Introduction of nlmsg_for_each_attr_type() macro and its use in nfsd.
V11:
- Refactored the devlink code to accept relative TC bandwidth share
values instead of percentages.
- Updated documentation to clarify that values are interpreted as
relative shares.
- Refactored the logic in mlx5 to support proportional scaling for
tc-bw values.
- Switched to `nlmsg_for_each_attr_type()` for cleaner attribute
parsing.
- Added a hardware selftest to validate TC bandwidth behavior.
- Refactored esw_qos_is_node_empty for readability.
V10:
- Added netdevsim selftest for tc-bw ops.
- Dropped header: field as it’s unnecessary for local constants in
devlink.yaml.
V9:
- Defined DEVLINK_RATE_TCS_MAX as 8 in uapi/linux/devlink.h.
- Replaced IEEE_8021QAZ_MAX_TCS with DEVLINK_RATE_TCS_MAX throughout
the code.
- Updated devlink-rate-tc-index-max spec to reference the correct UAPI
header.
V8:
- Limit line width to 80 characters in mlx5 changes instead of 100.
- Increase the scheduling node levels to support TC arbitration.
- Ensure parent nodes are set correctly in all code paths that extend
the hierarchy depth for TC arbitration.
- Extended the cover letter with the ongoing discussion on devlink-rate
and net-shapers.
- Extended the cover letter with the Netdev talk link on this series.
V7:
- Fixed disabling tc-bw on leaf nodes that did not have tc-bw
configured.
- Fixed an issue where tc-bw was disabled on a node with assigned
vports, ensuring that vport->qos.sched_node->parent is correctly
updated with the cloned node.
- Declared a constant for the maximum allowed Traffic Class index in
devlink rate.
- Added a range check to validate rate-tc-index.
- Added documentation for the tc-bw argument.
- Add a validation check to ensure that the total bandwidth assigned to
all traffic classes sums to 100.
V6:
- Addressed comments on devlink patch #3.
- Removed first 4 IFC patches, to be pulled from mlx5-next.
V5:
- Fix warning in devlink_nl_rate_tc_bw_set().
- Fix target branch of patch #4.
V4:
- Renamed the nested attribute for traffic class bandwidth to
DEVLINK_ATTR_RATE_TC_BWS.
- Changed the order of the attributes in `devlink.h`.
- Refactored the initialization tc-bw array in
devlink_nl_rate_tc_bw_set().
- Added extack messages to provide clear feedback on issues with tc-bw
arguments.
- Updated `rate-tc-bws` to support a multi-attr set, where each
attribute includes an index and the corresponding bandwidth for that
traffic class.
- Handled the issue where the user could provide
DEVLINK_ATTR_RATE_TC_BWS with duplicate indices.
- Provided ynl exmaples in patch [1/5] commit message.
- Take IFC patches to beginning of the series, targeted for mlx5-next.
V3:
- Dropped rate-tc-index, using tc-bw array index instead.
- Renamed rate-bw to rate-tc-bw.
- Documneted what the rate-tc-bw represents and added a range check for
validation.
- Intorduced devlink_nl_rate_tc_bw_set() to parse and set the TC
bandwidth values.
- Updated the user API in the commit message of patch 1/6 to ensure
bandwidths sum equals 100.
- Fixed missing filling of rate-parent in devlink_nl_rate_fill().
V2:
- Included <linux/dcbnl.h> in devlink.h to resolve missing
IEEE_8021QAZ_MAX_TCS definition.
- Refactored the rate-tc-bw attribute structure to use a separate
rate-tc-index.
- Updated patch 2/6 title.
This patch series extends the devlink-rate API to support traffic class
(TC) bandwidth management, enabling more granular control over traffic
shaping and rate limiting across multiple TCs.
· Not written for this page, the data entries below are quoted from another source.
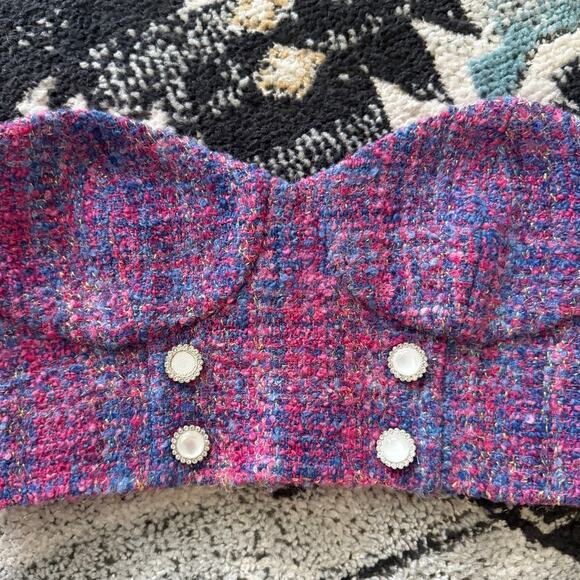 Revolve Assignment Marseille Tweed Bustier Top Pink - Picture 3 of 6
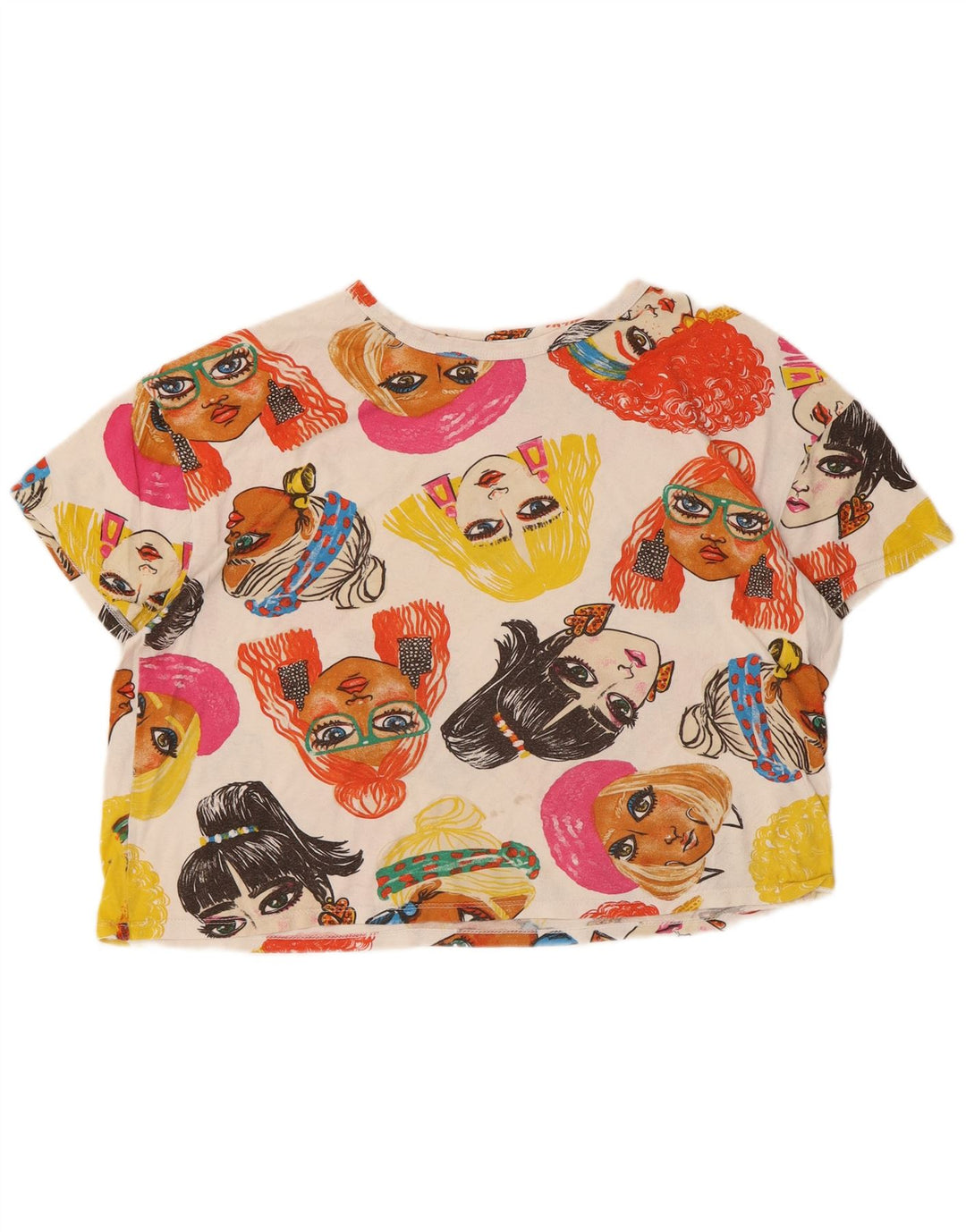 Zara Womens Crop Grafisk T-Shirt Top UK 14 Medium Multicolored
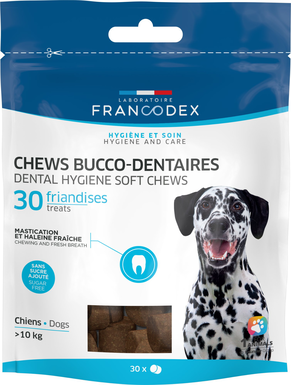 Francodex - Friandises Chews Bucco-dentaires pour Chiens > 10Kg - x30
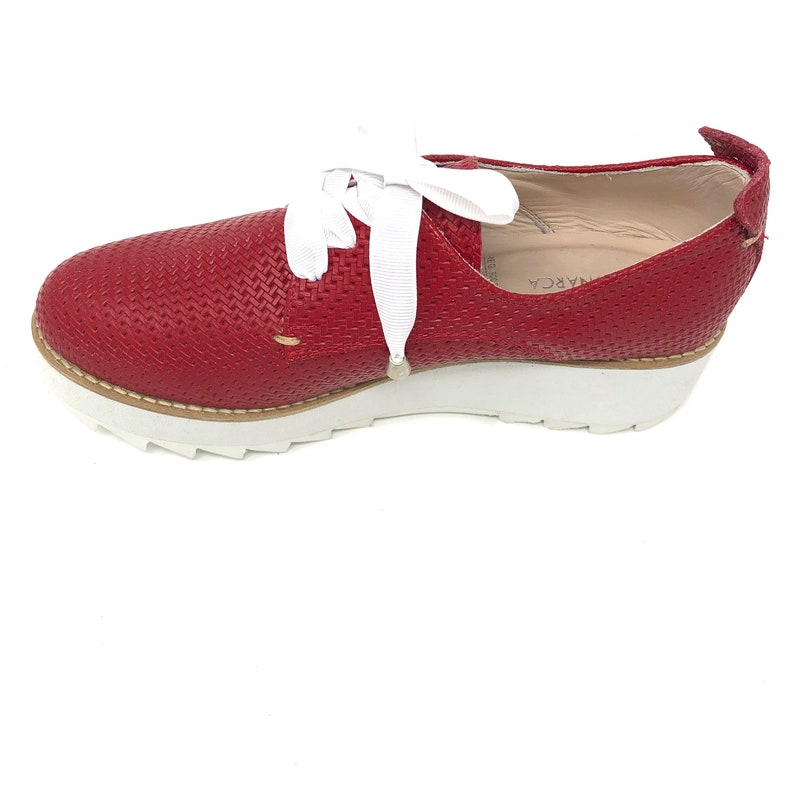 Helena Leather Wedge Oxfords Women Handmade Shoes oxford Etsy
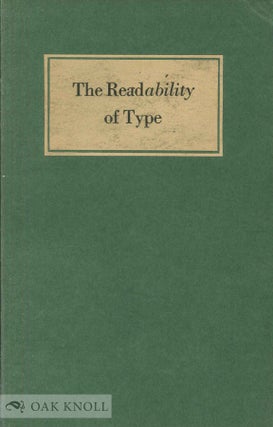 Order Nr. 19208 THE READABILITY OF TYPE
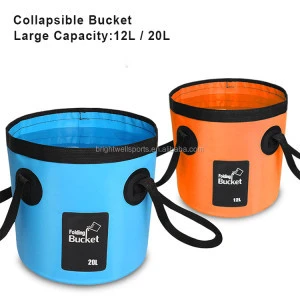 Wholesale Outdoor Folding Fishing Bucket Ocean Dry Collapsible PVC Wetty Bucket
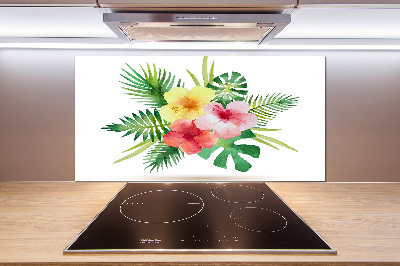 Pannello paraschizzi cucina con motivo di fiori hawaiani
The API now allows users
to specify bandwidth proportions for different traffic classes in a
single command. This is particularly useful for managing Enhanced
Transmission Selection (ETS) for groups of Virtual Functions (VFs),
allowing precise bandwidth allocation across traffic classes.
Additionally the series refines the QoS handling in net/mlx5 to support
TC arbitration and bandwidth management on vports and rate nodes.
Discussions on traffic class shaping in net-shapers began in V5 [1],
where we discussed with maintainers whether net-shapers should support
traffic classes and how this could be implemented.
Later, after further conversations with Paolo Abeni and Simon Horman,
Cosmin provided an update [2], confirming that net-shapers' tree-based
hierarchy aligns well with traffic classes when treated as distinct
subsets of netdev queues. Since mlx5 enforces a 1:1 mapping between TX
queues and traffic classes, this approach seems feasible, though some
open questions remain regarding queue reconfiguration and certain mlx5
scheduling behaviors.
Building on that discussion, Cosmin has now shared a concrete
implementation plan on the netdev mailing list [3]. The plan, developed
in collaboration with Paolo and Simon, outlines how net-shapers can be
extended to support the same use cases currently covered by
devlink-rate, with the eventual goal of aligning both and simplifying
the shaping infrastructure in the kernel.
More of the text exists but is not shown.